Aggression by mares towards people is normal during the first few days after parturition. Moderate aggression directed towards the foal is also a part of normal maternal behaviour. This behaviour is hormonally driven and usually wanes with time. The most common agonistic behaviours are bite threats and biting. Aggressive maternal behaviour may also include head threats with ears pinned, squealing, swishing of the tail, pushing the foal with the head, kick threats and kicking.
In most instances’ foals do not respond to maternal aggression, moderate aggression during suckling is usually associated with pain in the udder. Mares may be aggressive towards other horses and humans during the first few days after foaling even if they are normally gentle. The aim of this behaviour is to keep a foal away from other horses during the period in which the foal learns to recognize its dam.
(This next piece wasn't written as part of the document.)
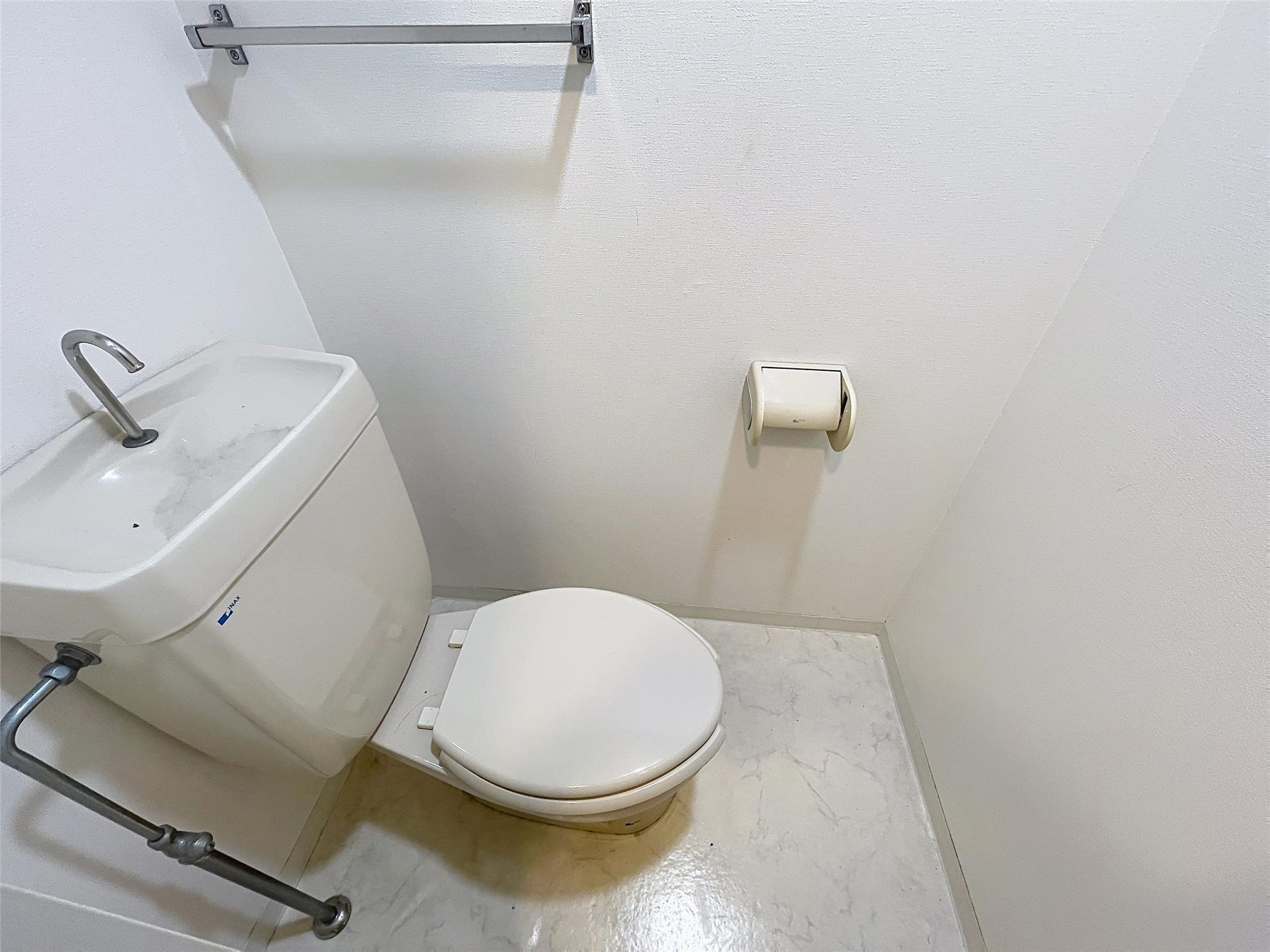 トイレ　ほかのお部屋の写真です。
Aggression toward humans or other animals, especially in confinement, can lead to foal injury. While rushing to interpose herself between the foal and perceived threat, the mare may trample or push the foal into an obstacle. Management aimed at avoiding evoking protectiveness when the foal is in a position where it might be trampled, coupled with deliberate training of the mare to accept necessary intruders usually are adequate solutions.
Because each mare is an individual, it is difficult to forecast maternal behaviour unless the mare has foaled previously. What might be normal and consistent behaviour for one mare might be abnormal for another. Mares should be familiarized with their caretakers before delivery and should have minimal contact with other strange people in the first few days post-delivery. The intensity of protectiveness typically subsides over the first few days, but some mares may persist for weeks. Injuries to the foal may be less likely in a large stall or paddock free of obstacles. In open spaces, mares are usually less inclined to accidentally injure the foal.